Seeding of microscaffolds with RPE and PR cells. a) Brightfield images of microscaffolds 24 h after being seeded with 400K RPE cells. b,c) Live cell fluorescence microscopy images of an RPE-coated microscaffold 24 h after seeding with PRs (red fluorescent clusters). Scale bars: a,b) 100 μm and c) 500 μm. d) MaxIP image of microscaffold seeded with both RPE (Mitf + cells) and PRs (RCVN + cells) 7 days after PR seeding. DAPI was used to counterstain the nuclei (blue). Scale bar: 50 μm. e) Side views of 3D reconstructed images from (d). Scale bar: 50 μm. f) High resolution confocal images of PR cells (RCVN + cells) seeded within wells coated with a continuous layer of RPE (ZO-1+ cells). g) Side views of 3D reconstructed images shown in (f).
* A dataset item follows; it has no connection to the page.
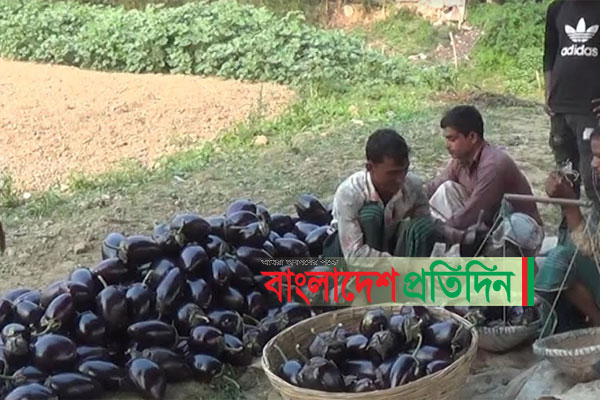 বিভিন্ন জাতের সবজি আবাদ করে লাভবান নেত্রকোনার কৃষকরা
Scale bar: 50 μm. h) Orthogonal projections from the same wells shown in (f) and (g). i) Violin plots showing the distribution of the number of RPE cells (in blue) or PRs (in red) within individual HC wells 7 days after the generation of bilayered RPE:PR cell constructs. The box plots in the middle of each violin plot delineate the first and third quartiles of the distribution and the central withe dot in each box plot indicates the median value.